Have scientists found Columbus’ ship?

Experts think they may have located Christopher Columbus’ ship, the Santa Maria, off the coast of Haiti.


They say that a shipwreck located off the Haiti coast could well be one of the three ships that reached the Americas during the famous 1492 expedition.

Expedition team leader Barry Clifford told the UK’s Independent newspaper:

“All the geographical, underwater topography and archaeological evidence strongly suggests that this wreck is Columbus’ famous flagship, the Santa Maria.”

Reportedly, the team came across and photographed the shipwreck a decade ago, but only realised its significance recently.

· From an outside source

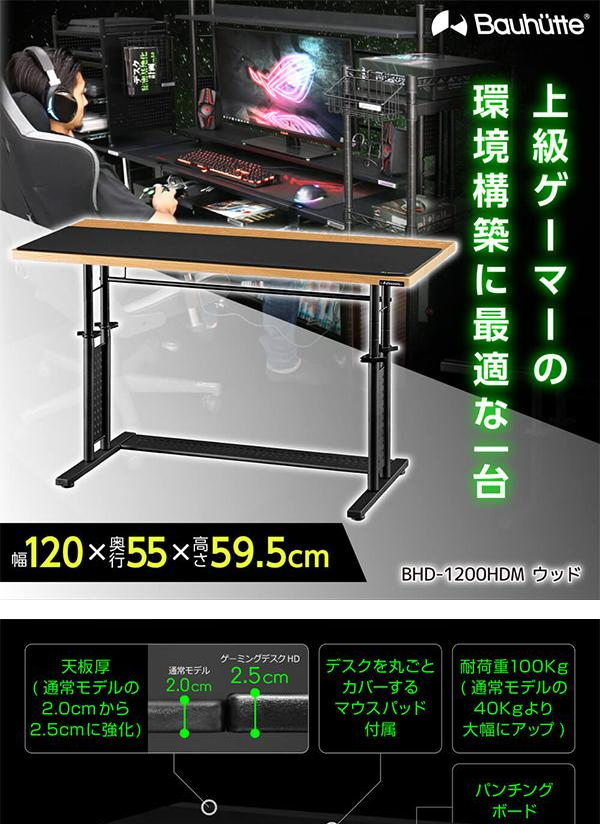 ミドルタイプ HD Bauhutte BHD-1200HDM-BK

Sources say that the Santa Maria hit a reef off the Haitian coast, with explorer Columbus on board.

The crew built a small settlement, the first European New World settlement in the Americas since the Vikings found Newfoundland in the 11th century.

Columbus was said to have named his Haiti settlement ‘La Navidad’, which means ‘Christmas’, before returning to his adopted Spain on the Nina.

He left behind some 39 crew members that he was unable to take back. When he went back a year later, with 17 ships and over a thousand men, the Navidad settlement had been burnt down and there were no survivors.

They had been killed by the natives in retaliation for mistreating the islanders.

The research team say that their 2003 discovery of the possible remains of ‘La Navidad’ corresponds with what they would expect to find in relation to the size and location of the lost fort.

The discovery led the team to the current location off the coast – which they’d already seen before, unaware of its importance. It was only on re-examination that they realised how crucial the wreck may prove to be.

Clifford said:  “I am confident that a full excavation of the wreck will yield the first ever detailed marine archaeological evidence of Columbus’ discovery of America.”

TV’s the History Channel has been filming the operation and will air a show about the findings.